→ **Data records**:

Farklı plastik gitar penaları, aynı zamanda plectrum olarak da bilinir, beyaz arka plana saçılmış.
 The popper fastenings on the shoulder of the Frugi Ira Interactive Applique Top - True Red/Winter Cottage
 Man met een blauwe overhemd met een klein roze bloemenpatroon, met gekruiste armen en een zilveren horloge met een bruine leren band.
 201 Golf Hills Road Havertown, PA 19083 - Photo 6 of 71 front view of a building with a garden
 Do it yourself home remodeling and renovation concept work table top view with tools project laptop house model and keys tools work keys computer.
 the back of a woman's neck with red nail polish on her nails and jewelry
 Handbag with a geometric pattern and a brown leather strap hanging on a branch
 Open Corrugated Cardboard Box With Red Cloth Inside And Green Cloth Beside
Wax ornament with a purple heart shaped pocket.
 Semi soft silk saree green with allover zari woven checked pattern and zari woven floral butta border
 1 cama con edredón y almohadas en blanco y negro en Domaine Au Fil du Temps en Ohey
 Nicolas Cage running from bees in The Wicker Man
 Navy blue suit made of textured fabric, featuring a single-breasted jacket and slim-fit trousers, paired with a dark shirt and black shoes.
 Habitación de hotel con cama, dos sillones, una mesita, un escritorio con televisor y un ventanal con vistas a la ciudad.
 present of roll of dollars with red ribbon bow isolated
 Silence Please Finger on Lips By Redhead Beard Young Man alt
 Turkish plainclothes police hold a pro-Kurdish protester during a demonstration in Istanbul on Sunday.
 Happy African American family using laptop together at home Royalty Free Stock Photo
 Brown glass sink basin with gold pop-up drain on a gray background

→ **What you have to do**: In the listing above, find the line with "Man met een" and the line with "Handbag with a", then print exactly those two lines and every line between them, and nothing more.

→ **Solved exercise**:
 Man met een blauwe overhemd met een klein roze bloemenpatroon, met gekruiste armen en een zilveren horloge met een bruine leren band.
 201 Golf Hills Road Havertown, PA 19083 - Photo 6 of 71 front view of a building with a garden
 Do it yourself home remodeling and renovation concept work table top view with tools project laptop house model and keys tools work keys computer.
 the back of a woman's neck with red nail polish on her nails and jewelry
 Handbag with a geometric pattern and a brown leather strap hanging on a branch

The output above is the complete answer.